We're down 13-14M barrels per day of Middle Eastern production. All told, inventories have fallen by roughly 7-8M barrels per day. Even if the Strait opens up next month, his math says we've lost 1.8B barrels of production. You can't lose that massive number without impacting the oil price.
By July 1, the world will have lost enough inventory globally that the global refining system will start to crack. We're already starting to see shortages, and it's those shortages that will jolt the market out of this catatonic state. All the safety buffers will be gone. And we're entering the demand pickup of driving season. A price spike is the only mechanism to rebalance supply and demand.
His advisers tell him that Iran's figured out that having the Strait closed actually gives it more levers than having a nuclear weapon.
Thinks we'll be fine from an oil perspective, and we'll skate by with refined products. But we'll pay for it. If the Iran situation is not fixed certainly by Christmas, you may want to reevaluate any travel plans.
The cost of everything is going to go up -- feedstocks, transportation, gasoline, jet fuel.
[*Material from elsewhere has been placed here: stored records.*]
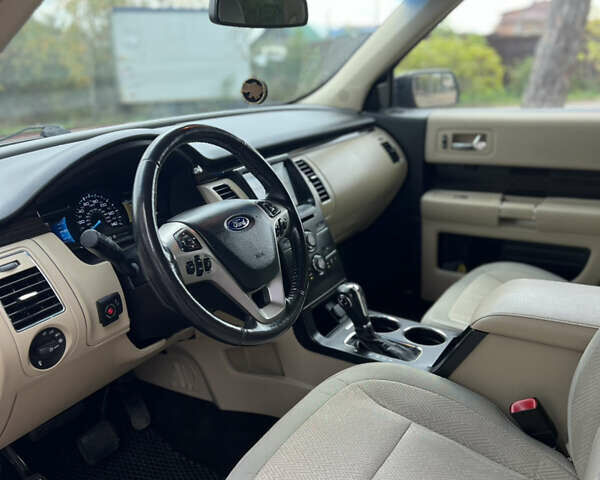 Красный Форд Флекс, объемом двигателя 3.5 л и пробегом 154 тыс. км за 12700 $, фото 26 на Automoto.ua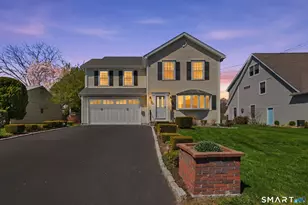 235 Laurel St, Stratford, CT 06615 - Photo 2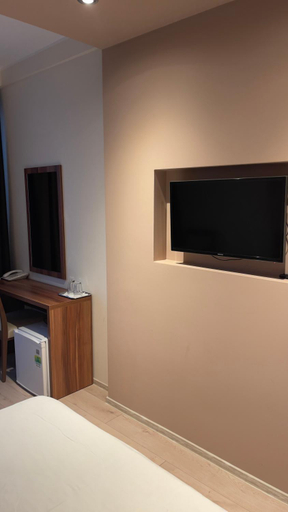 Others 5, Star Hotel, Tulcea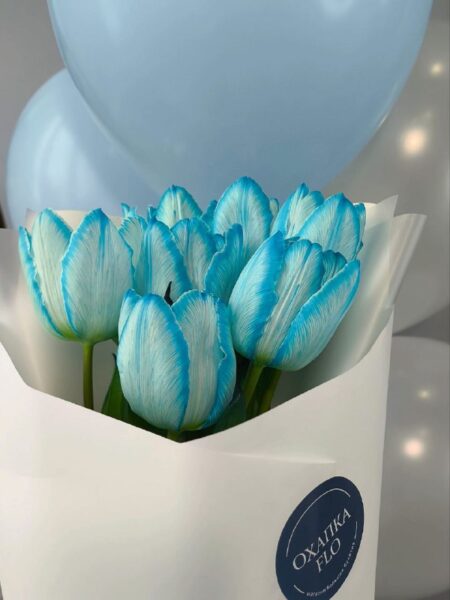 Букет из голубых тюльпанов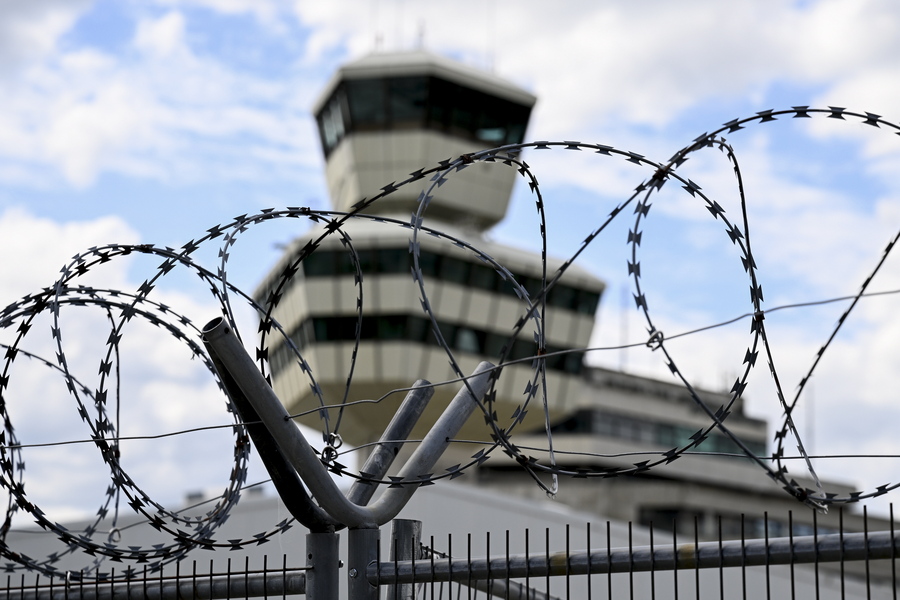 Το μέτρο Τραμπ στο μεταναστευτικό που «πάγωσε» τους διεθνιστές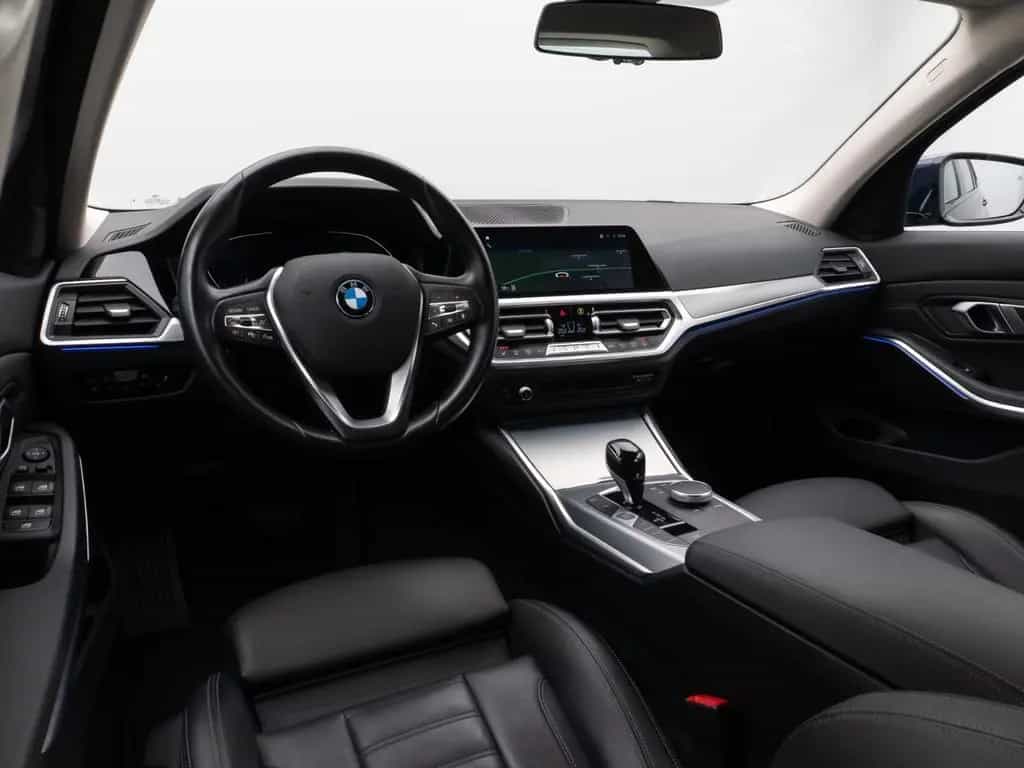 BMW 320 d xD Sport Line Kamera Laser HiFi AHK Komfort 07/2022-photo-37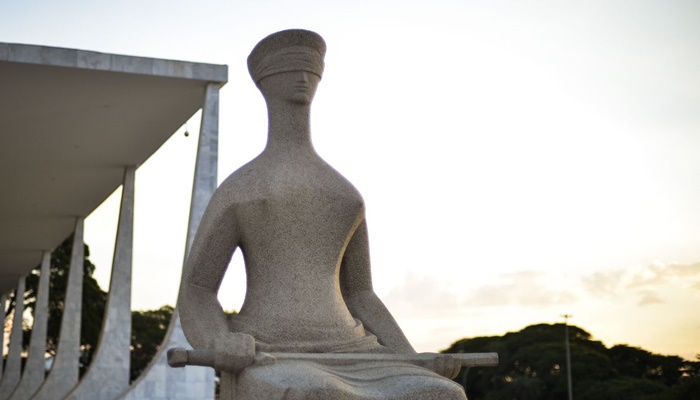 Ministra do STF suspende decretos que ampliaram acesso a armas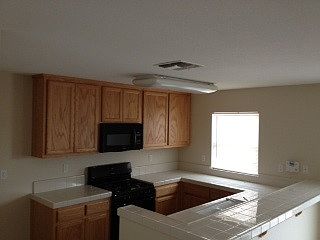 3rd image of 1703 Silvershire Dr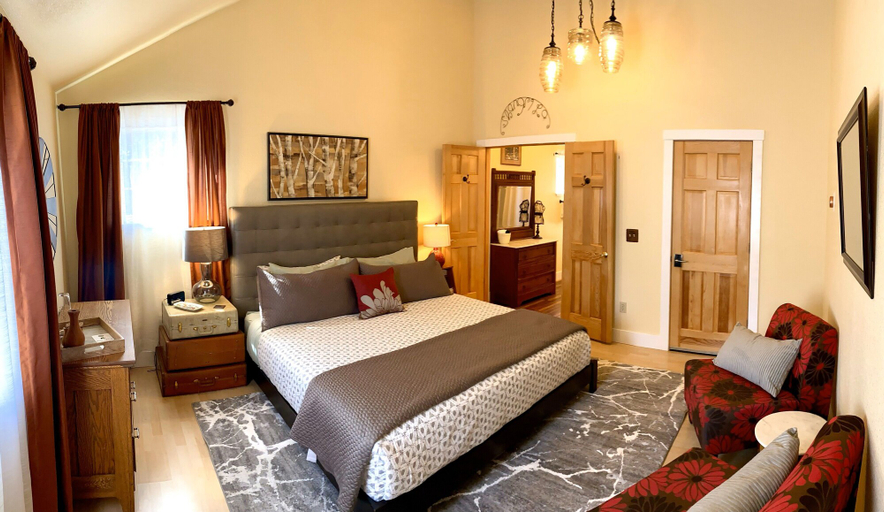 Bedroom 2, Bell In The Woods B&B, Kenai Peninsula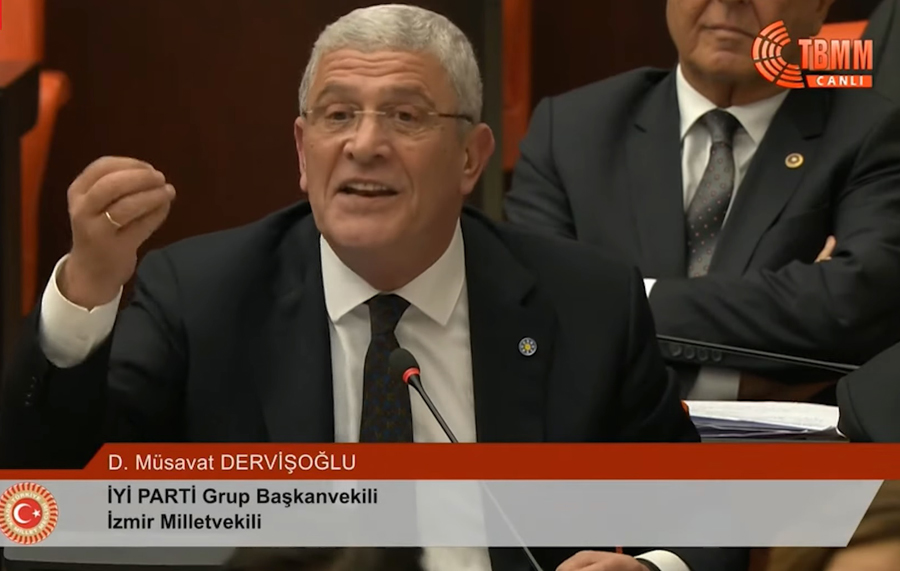 İYİ Partili Müsavat Dervişoğlu: ‘Anamızı belleyen kadıysa, kadıyı kime şikâyet edelim?’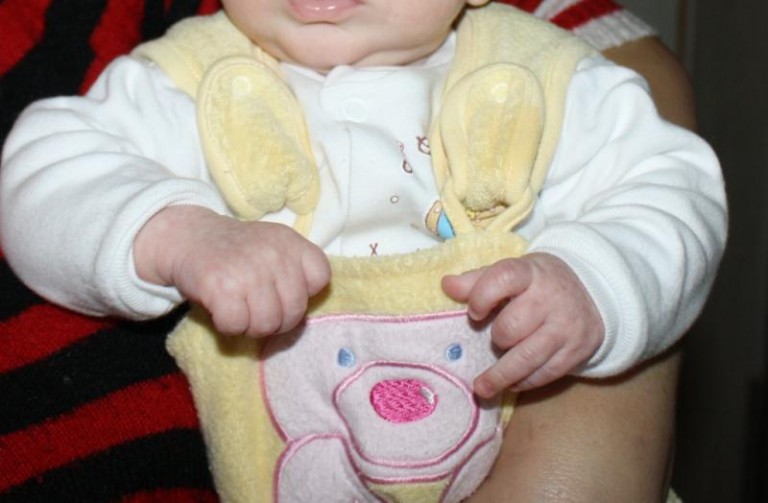 Pobite niemowlę w bardzo ciężkim stanie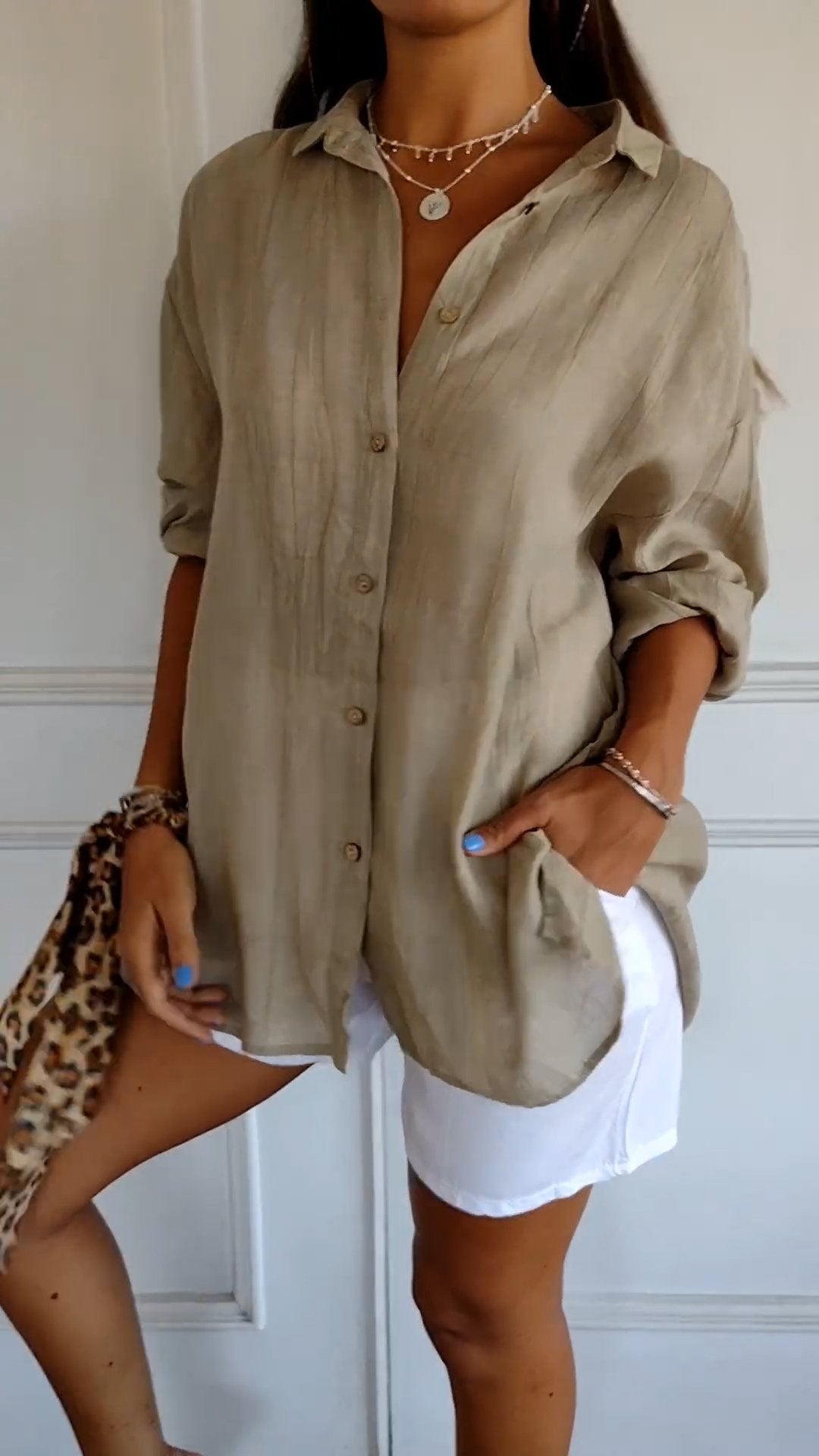 Chemise femme automnale plissée, manches longues, style chic et tendance pour le printemps.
The inflationary shock coming will be absolutely massive.
He's excited that oil/energy stocks are discounting the oil price at roughly $65-70. His team thinks the floor price for next year is about $80 (actual price will be meaningfully higher).
Oil at $65 is an extremely ignorant view, and offers a wildly compelling entry point on energy stocks.
Depends on why the oil price is going up. Typically, geopolitical events cause a spike, get resolved, and then the price drops. That thesis is a misunderstanding this time around.
Don't buy an energy stock today on the basis that Nuttall on BNN said oil was going to $200. The investment thesis is for "the day after", when things eventually normalize. What does the world look like then? It'll take 3-4 years for inventories to restock.
He's deploying client capital today with the expectation to gain 50% in 1-2 years.